B. The parties agrees that during the term of this Contract and any extension of the contract by agreement, they shall not refuse to bargain in good faith.

OTHER RELEVANT LANGUAGE

ATTENDANCE POLICY

Policy Implemented 6/1/98

Policy Revised 6/1/99

Attendance Policy of Manitowoc County Health Care Center

The Manitowoc County Health Care Center provides residential nursing home care to its residents. It operates 24 hours a day, 7 days a week under strict state regulations. In order to assure that residents receive quality care and that the Manitowoc County Health Care Center complies with all legal requirements, it is essential that all employees work when scheduled to do so.

Adequate staffing is critical to meet state and federal regulations and to meet the mission statement of providing quality care to the residents of the Manitowoc County Health Care Center. Additionally, absenteeism causes unnecessary increases to payroll costs and is demoralizing to staff who do report to work as scheduled. For these reasons punctual and regular attendance is an essential element of every job at the Manitowoc County Health Care Center and the Manitowoc County Health Care Center expects its employees to report to work when scheduled.

The Manitowoc Health Care Center understands that sometimes it is not possible to report to work when scheduled. The Manitowoc Health Care Center provides sick leave, funeral leave, and other types of leave for unanticipated absences from work to help employees deal with these situations.
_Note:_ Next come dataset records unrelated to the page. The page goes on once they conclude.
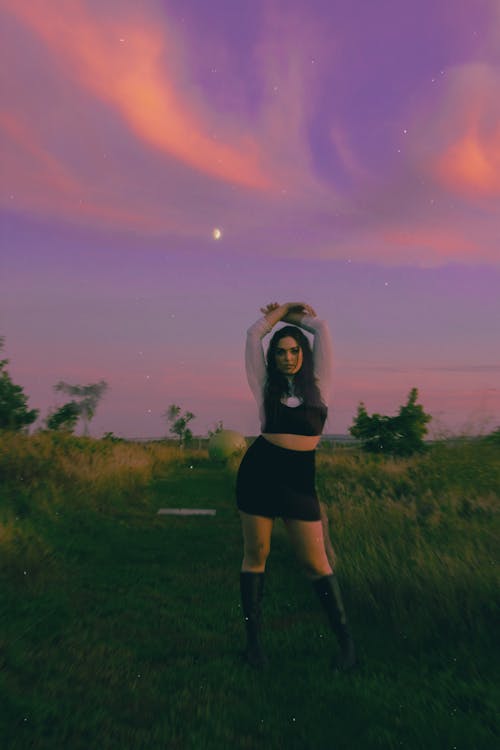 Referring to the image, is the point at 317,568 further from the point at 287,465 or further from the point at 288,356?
the point at 288,356

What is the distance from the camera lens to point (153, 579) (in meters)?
6.77

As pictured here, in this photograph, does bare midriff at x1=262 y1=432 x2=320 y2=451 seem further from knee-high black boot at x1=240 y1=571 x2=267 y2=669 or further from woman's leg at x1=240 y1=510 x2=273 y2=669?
knee-high black boot at x1=240 y1=571 x2=267 y2=669

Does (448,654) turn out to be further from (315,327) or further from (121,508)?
(121,508)

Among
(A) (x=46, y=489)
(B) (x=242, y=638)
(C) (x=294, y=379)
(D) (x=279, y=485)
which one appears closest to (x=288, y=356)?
(C) (x=294, y=379)

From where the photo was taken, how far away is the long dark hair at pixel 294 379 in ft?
13.9

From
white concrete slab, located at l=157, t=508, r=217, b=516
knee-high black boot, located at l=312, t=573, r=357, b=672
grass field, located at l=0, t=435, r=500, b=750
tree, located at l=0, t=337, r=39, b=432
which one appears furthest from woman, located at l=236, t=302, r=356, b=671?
tree, located at l=0, t=337, r=39, b=432

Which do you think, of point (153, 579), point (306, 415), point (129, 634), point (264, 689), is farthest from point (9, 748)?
point (153, 579)

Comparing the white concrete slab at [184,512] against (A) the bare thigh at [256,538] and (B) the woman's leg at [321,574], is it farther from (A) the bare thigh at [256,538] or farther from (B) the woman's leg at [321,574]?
(B) the woman's leg at [321,574]

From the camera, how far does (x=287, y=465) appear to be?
13.7ft

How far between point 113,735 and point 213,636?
1.77m

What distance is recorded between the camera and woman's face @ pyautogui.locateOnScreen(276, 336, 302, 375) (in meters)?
4.30

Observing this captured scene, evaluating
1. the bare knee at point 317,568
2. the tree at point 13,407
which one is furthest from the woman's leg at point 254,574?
the tree at point 13,407

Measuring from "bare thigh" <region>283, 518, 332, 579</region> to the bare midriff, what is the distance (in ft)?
1.56

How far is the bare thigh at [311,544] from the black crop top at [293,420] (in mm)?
587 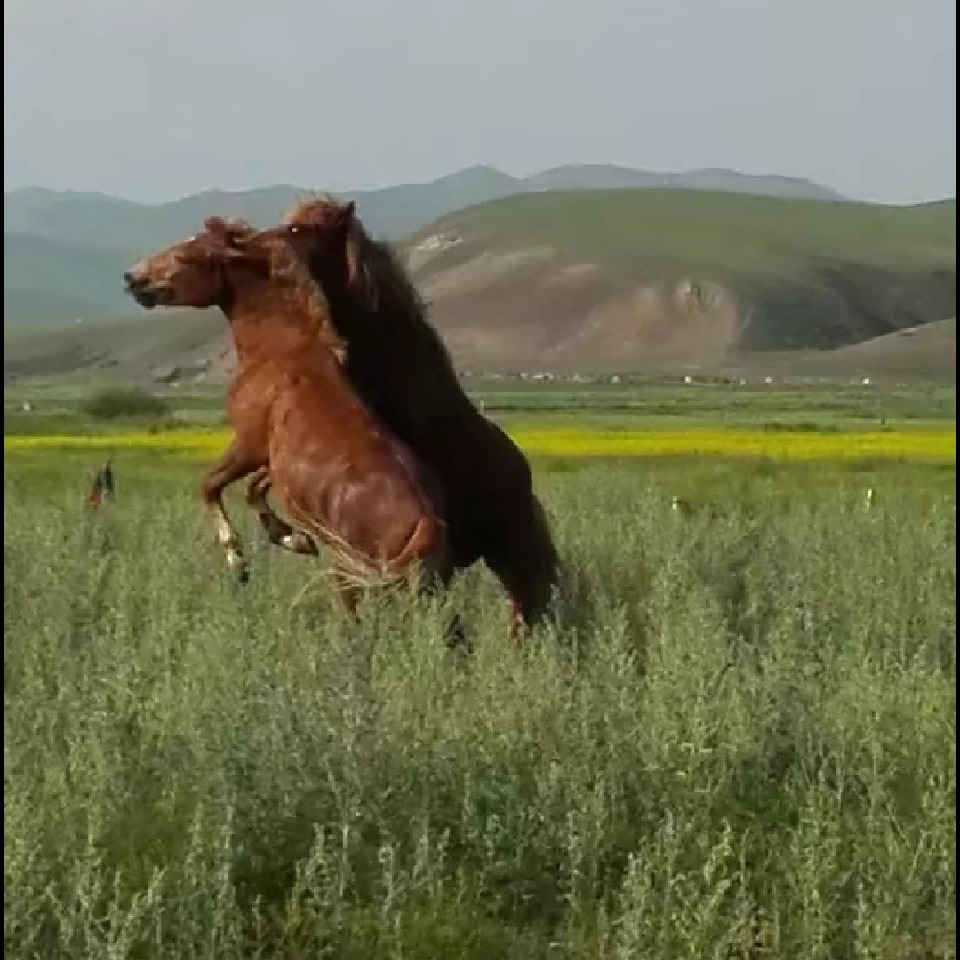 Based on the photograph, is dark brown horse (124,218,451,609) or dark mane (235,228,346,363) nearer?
dark brown horse (124,218,451,609)

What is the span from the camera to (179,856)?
4793mm

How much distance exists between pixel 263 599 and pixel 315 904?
10.6 ft

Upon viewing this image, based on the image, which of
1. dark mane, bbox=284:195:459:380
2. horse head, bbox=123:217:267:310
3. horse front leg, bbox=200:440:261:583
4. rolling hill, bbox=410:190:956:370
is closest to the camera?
dark mane, bbox=284:195:459:380

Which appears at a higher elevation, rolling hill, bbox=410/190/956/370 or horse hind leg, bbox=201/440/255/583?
rolling hill, bbox=410/190/956/370

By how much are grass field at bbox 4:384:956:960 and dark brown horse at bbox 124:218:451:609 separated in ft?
0.91

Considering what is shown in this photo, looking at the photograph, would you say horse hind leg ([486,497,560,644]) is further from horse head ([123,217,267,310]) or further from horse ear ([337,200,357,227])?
horse head ([123,217,267,310])

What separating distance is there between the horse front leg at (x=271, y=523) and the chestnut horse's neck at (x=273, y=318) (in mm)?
548

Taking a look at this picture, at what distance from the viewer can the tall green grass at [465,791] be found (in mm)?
4543

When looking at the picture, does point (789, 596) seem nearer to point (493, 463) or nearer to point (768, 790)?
point (493, 463)

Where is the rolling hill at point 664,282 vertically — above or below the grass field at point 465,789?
above

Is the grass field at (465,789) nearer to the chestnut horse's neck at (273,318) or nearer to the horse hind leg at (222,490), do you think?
the horse hind leg at (222,490)

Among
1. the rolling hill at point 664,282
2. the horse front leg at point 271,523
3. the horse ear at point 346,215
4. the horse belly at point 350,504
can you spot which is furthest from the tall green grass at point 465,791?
the rolling hill at point 664,282

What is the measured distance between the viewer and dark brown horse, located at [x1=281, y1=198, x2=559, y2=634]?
773cm

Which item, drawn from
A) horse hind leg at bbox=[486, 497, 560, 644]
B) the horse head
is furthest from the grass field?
the horse head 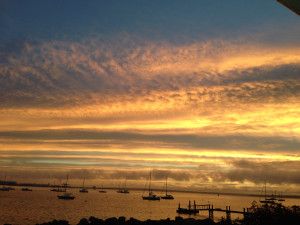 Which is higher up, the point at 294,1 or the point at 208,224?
the point at 294,1

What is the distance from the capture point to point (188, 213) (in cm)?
8781

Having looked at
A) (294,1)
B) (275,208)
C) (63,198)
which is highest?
(294,1)

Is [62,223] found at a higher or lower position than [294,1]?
lower

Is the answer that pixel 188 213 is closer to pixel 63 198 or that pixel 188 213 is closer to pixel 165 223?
pixel 165 223

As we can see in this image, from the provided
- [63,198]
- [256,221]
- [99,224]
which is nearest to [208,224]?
[256,221]

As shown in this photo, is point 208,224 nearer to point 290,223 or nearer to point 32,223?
point 290,223

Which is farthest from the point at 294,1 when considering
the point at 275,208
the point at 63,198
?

The Manitowoc Health Care Center also provides vacation and holiday leave for anticipated absences from work.

The purpose of this policy is to improve the attendance and reduce absenteeism. This policy does not apply to probationary on on-call employees of the Manitowoc Health Care Center. This policy does not apply to absences covered by the Family and Medical Leave Acts, Worker's Compensation, or any other protected leave status covered by Federal or State law.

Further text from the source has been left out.